To be specific, wafer B1 is placed in load lock chamber 1, and wafer B2 is placed in load lock chamber 2, after which the load lock chambers are evacuated. The evacuation time is 10 seconds.
After the evacuation, the wafers are placed in the reaction chambers. The wafer changeover time is 10 seconds.
After the wafers have been changed, deposition is started simultaneously in reaction chambers 1 and 2 (the deposition time is assumed as 75 seconds). The load lock chambers are opened to atmosphere while deposition is in progress in the reaction chambers, and the next pre-deposition wafers B7/B8 are placed and the load lock chambers are evacuated.
After films have been deposited on the wafers, the wafers are changed. Wafers B7/B8 are transferred from the load lock chambers and placed in the reaction chambers, while wafers A1/A2 (a wafer completing deposition is indicated by A, followed by a sequential value) are transferred from the reaction chambers and placed in the load lock chambers.
Once a wafer has been transferred and placed, deposition is started in each reaction chamber.
When the load lock chambers are opened to atmosphere, wafers B13/B14 are transferred from F1 and placed, while wafers A1/A2 are placed on the cooling stages. At this time, the atmospheric robots pick up wafers B13/B14 from F1 upon start of opening of the load lock chambers as a trigger, after which the robots stand by in front of the load lock chambers. This reduces the wafer placement time to 5 seconds after the opening of the load lock chamber to atmosphere (normally it takes 10 seconds). The atmospheric robots move wafers A1/A2 to the cooling stages immediately after placing wafers B13/B14 in the load lock chambers, which also reduces the wafer placement time to 5 seconds (normally it takes 10 seconds).

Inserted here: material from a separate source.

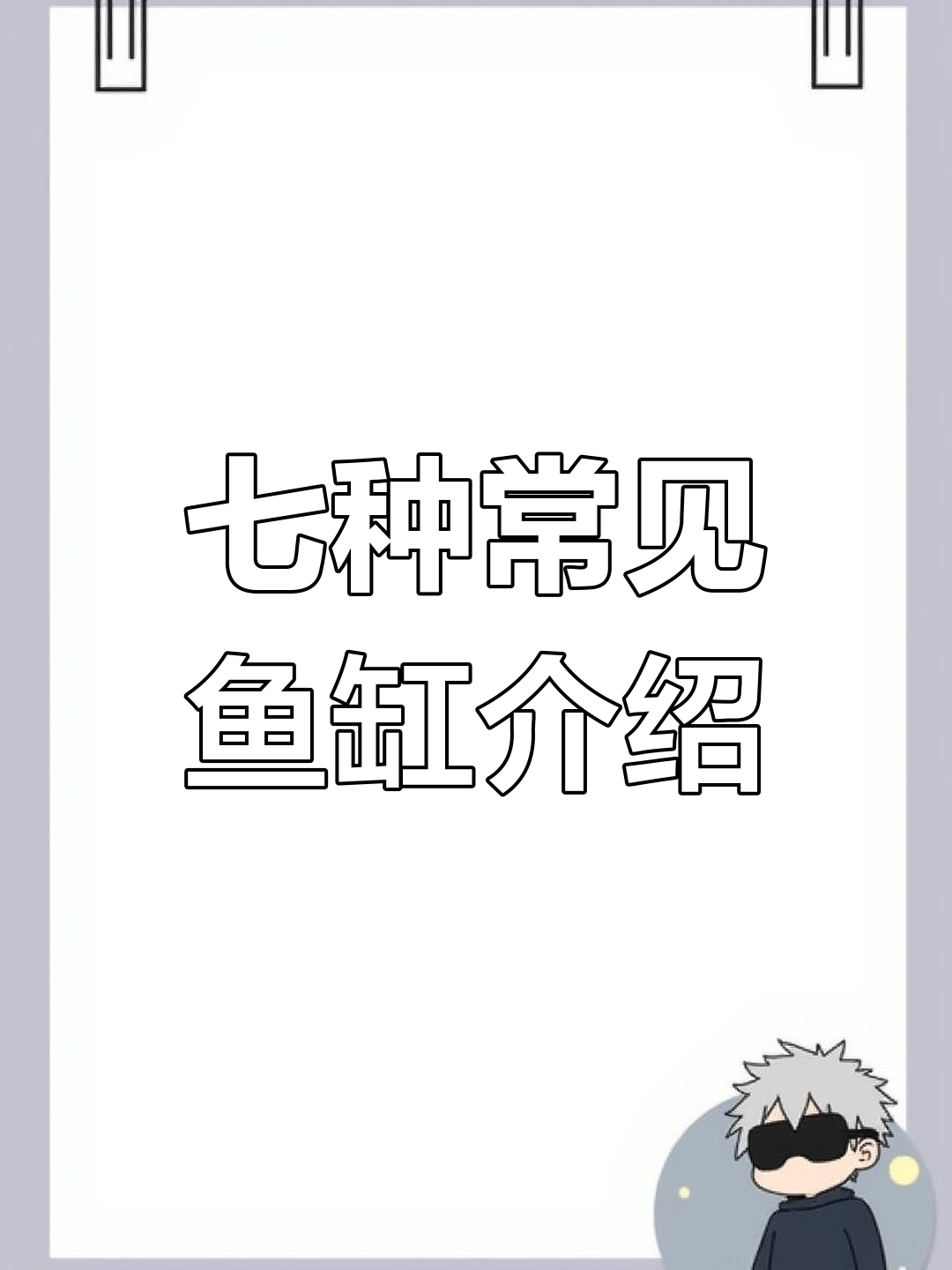 七种鱼缸类型大揭秘,哪种最适合你?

As for wafer placement from the cooling stage to FOUP, this placement is performed after the next wafer completing deposition has been placed on the cooling stage, because the cooling time normally is set to 60 seconds. In this example, wafers Z1/Z2 are returned from cooling stages 1 and 2 to F1 after A7/A8 have been placed on the cooling stages.
The above processing is repeated, which requires that the reaction chambers be cleaned after several deposition cycles. In this example, one cleaning is assumed after five deposition cycles (5D1C). In other words, the reaction chambers are cleaned after A25/A26 have been collected into the load lock chambers.
The above methods allow the atmospheric transfer robots to place wafers without having their transfer speeds limited, and this configuration comprising two atmospheric robots, two FOUP openers and one mini-environment can achieve three times the running throughput of the apparatus shown in
In the present disclosure where conditions and/or structures are not specified, the skilled artisan in the art can readily provide such conditions and/or structures, in view of the present disclosure, as a matter of routine experimentation. For example, the system disclosed in U.S. Pat. No. 6,630,053 can be used when practicing an embodiment of the present invention, the disclosure of which is herein incorporated by reference it its entirety.
It will be understood by those of skill in the art that numerous and various modifications can be made without departing from the spirit of the present invention. Therefore, it should be clearly understood that the forms of the present invention are illustrative only and are not intended to limit the scope of the present invention.